BENDICK, Rebecca1, MENCIN, David2, KNAPPE, Ellen1, UPRETI, Bishal3, AOUDIA, Abdelkarim4, GALETZKA, John5 and BILHAM, Roger6, (1)Department of Geosciences, University of Montana, Missoula, MT 59812, (2)UNAVCO, 6350 Nautilus Dr, Boulder, CO 80301, (3)Department of Geology, Tribhuvan University and NAST, Kathmandu, Nepal, (4)Internationional Centre for Theoretical Physics, Strada Costiera, 11, Trieste, I-34151, Italy, (5)UNAVCO, Boullder, CO 80301, (6)Geological Sciences and CIRES, University of Colorado at Boulder, UCB 399, Boulder, CO 80309-0399, ellen.knappe@umconnect.umt.edu

The failure of the 2015 Gorkha earthquake to completely rupture the Himalayan décollement from the southern edge of Tibet to the faults fronting the Himalayan foothills (MFT), raises several issues concerning the future evolution of stresses now imposed in the lesser Himalaya at the latitude of Kathmandu.

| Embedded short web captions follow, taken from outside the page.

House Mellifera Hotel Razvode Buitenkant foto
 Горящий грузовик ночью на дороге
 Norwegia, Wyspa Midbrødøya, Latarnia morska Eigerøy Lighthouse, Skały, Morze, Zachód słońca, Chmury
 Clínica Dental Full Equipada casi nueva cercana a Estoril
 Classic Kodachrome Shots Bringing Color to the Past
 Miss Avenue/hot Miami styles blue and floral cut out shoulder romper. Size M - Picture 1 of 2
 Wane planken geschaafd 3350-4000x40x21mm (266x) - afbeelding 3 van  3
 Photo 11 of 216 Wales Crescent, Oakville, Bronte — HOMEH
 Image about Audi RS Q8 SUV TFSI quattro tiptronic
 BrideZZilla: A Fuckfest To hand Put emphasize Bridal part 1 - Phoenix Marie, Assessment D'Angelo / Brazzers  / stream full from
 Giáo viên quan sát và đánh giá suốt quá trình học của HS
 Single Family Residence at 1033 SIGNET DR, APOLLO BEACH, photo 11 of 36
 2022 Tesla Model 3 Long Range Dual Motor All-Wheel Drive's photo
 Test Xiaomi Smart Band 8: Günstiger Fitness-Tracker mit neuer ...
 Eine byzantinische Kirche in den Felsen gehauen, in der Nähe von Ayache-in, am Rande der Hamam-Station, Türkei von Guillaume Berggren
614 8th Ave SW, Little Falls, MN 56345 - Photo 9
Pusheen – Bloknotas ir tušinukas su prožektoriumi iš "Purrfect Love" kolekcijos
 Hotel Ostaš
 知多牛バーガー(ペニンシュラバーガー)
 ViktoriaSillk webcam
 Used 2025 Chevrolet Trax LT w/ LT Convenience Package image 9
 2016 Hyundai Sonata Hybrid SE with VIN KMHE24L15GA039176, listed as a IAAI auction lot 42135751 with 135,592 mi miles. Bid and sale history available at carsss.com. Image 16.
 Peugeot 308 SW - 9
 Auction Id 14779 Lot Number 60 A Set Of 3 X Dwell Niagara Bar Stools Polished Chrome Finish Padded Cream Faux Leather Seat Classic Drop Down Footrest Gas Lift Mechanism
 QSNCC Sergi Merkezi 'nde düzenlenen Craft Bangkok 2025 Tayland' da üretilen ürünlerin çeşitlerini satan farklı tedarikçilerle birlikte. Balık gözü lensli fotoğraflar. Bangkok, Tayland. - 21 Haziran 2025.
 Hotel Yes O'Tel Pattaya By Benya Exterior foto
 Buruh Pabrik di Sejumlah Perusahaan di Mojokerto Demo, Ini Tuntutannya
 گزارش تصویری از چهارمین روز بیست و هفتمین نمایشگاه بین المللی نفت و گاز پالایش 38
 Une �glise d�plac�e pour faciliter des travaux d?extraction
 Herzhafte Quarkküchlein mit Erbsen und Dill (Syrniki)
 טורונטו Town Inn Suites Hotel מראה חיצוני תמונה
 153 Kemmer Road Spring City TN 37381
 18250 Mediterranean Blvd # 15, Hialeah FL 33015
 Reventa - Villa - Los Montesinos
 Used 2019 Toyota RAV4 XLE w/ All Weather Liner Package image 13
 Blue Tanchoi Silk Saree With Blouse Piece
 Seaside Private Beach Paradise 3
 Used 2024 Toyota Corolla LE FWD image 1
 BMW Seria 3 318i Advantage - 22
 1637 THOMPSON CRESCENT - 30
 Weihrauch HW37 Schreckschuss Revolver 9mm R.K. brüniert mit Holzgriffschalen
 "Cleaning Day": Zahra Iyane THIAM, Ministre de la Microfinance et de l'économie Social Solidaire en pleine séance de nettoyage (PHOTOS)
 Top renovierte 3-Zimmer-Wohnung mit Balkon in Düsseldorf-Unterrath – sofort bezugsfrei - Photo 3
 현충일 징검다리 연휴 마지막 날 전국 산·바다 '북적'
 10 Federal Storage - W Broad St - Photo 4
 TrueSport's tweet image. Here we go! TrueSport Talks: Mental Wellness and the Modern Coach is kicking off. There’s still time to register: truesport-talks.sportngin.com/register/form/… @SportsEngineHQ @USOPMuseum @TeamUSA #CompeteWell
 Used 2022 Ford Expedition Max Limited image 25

InSAR imagery and coseismic GPS measurements indicate that slip in the main rupture has imposed a tapered slip distribution near the rupture’s southern edge at approximately 10 km depth, 30 km north of the MFT. Shortly after the earthquake new GPS instruments were installed, bringing the number of instruments monitoring the western and southern edge of the Gorkha rupture to 15. In the first two months following the earthquake we observed slow continued southward displacements above the southern edge of the rupture at rates of 10-20 mm/yr, an order of magnitude larger than interseismic rates at these latitudes, which would dissipate the current slip deficit in ≈50 years. Preliminary forward models of afterslip and viscous response to the main rupture provide bounds on the strain partitioning among mechanisms and the potential stress changes on adjacent unslipped fault segments, including the 1505 rupture immediately to the west.